What to work on:
Everything from the line containing "Operations Strategy 3Rd" through the final line below must be output exactly, both ends included, with nothing else and no pictures.

Source data:
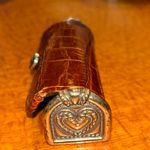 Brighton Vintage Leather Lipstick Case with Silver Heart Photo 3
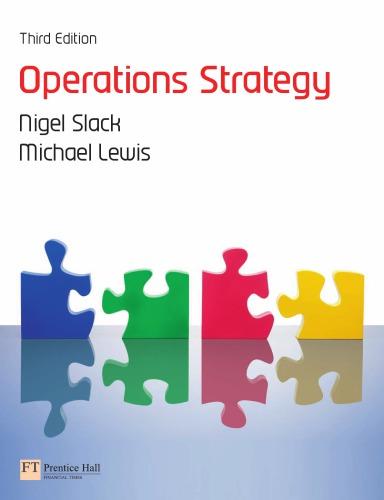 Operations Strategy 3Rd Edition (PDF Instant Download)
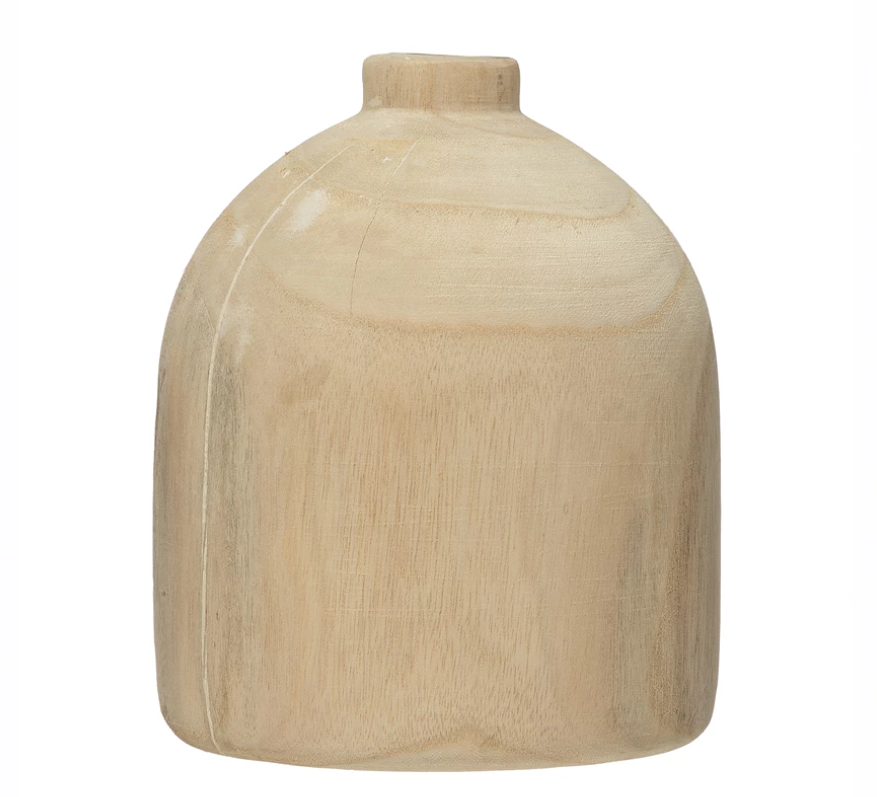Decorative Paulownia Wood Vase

The answer:
 Operations Strategy 3Rd Edition (PDF Instant Download)
Decorative Paulownia Wood Vase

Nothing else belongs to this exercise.